Ada 10 rumah sakit yang didatangi ayah dan kakek, untuk menolong nyawa bayi berumur tujuh hari.

zoom-inlihat foto DPR akan Gunakan Interpelasi Soal Kasus Dera
NET
ILUSTRASI

TRIBUNNEWS.COM, JAKARTA - Dera Nur Anggraini mengembuskan napas terakhir, Sabtu (16/2/2013), akibat gangguan saluran pernapasan, setelah ditolak rumah sakit lantaran orangtuanya tidak memiliki biaya.

Ada 10 rumah sakit yang didatangi ayah dan kakek, untuk menolong nyawa bayi berumur tujuh hari.

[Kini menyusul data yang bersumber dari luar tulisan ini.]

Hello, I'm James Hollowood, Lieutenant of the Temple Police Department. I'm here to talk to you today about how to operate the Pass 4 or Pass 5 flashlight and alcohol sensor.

Anggota Komisi IX DPR Poempida Hidayatulloh, mengaku terenyuh menyaksikan berita kematian Dera.

Padahal, menurut politisi Partai Golkar, berbagai program seperti Jamkemas dan Jakarta Sehat, dapat dimanfaatkan untuk keperluan tersebut.

Poempida menilai, jika masih terjadi praktik penolakan seperti ini, berarti pemerintah tidak serius mengimplementasikan UU Rumah Sakit.

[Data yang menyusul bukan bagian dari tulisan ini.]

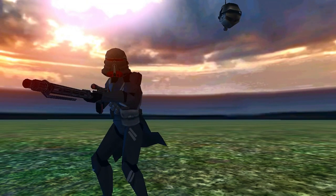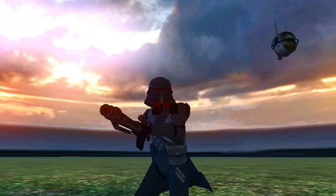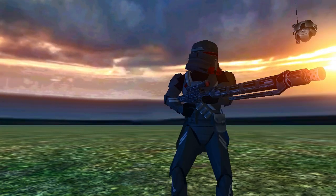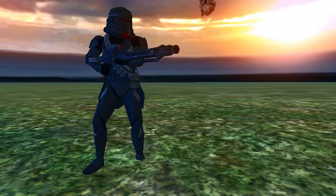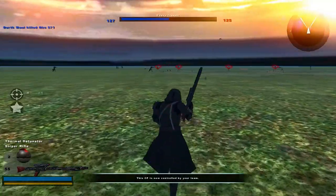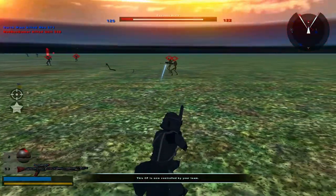Maybe I can have someone help me with that. For the most part, you can still see the markings on his head, and to the best of my ability it looks pretty spot on, almost. I actually also made this the commander as well, just because I thought it would make sense.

"Masalah kesehatan adalah absolut. Tidak boleh dilaksanakan berdasarkan situasi mengambang, karena berhubungan dengan jiwa dan raga manusia, yang harus diperlakukan dengan perhatian penuh dan menggunakan segala kehati-hatian," ujarnya kepada Tribunnews.com, saat ditemui di Gedung DPR, Jakarta, Senin (18/2/2013).

Empati kemanusiaan, lanjutnya, harus menjadi pondasi dari program kesehatan.

"Karena itu, interpelasi DPR diperlukan untuk memberikan peringatan kepada pemerintah, akan pentingnya implementasi UU Rumah Sakit, yang tidak diindahkan secara serius oleh pemerintah," imbuh Poempida, seraya menambahkan bahwa tanpa implementasi UU Rumah Sakit, sangat sulit melihat kesuksesan penerapan BPJS pada 2014 mendatang.

Diberitakan sebelumnya, berdasarkan cerita ayah Dera, Elias Setionugroho (20), anaknya lahir pada Minggu (11/2/2013) malam, dengan cara operasi caesar di RS Zahirah, Jagakarsa, Jakarta Selatan.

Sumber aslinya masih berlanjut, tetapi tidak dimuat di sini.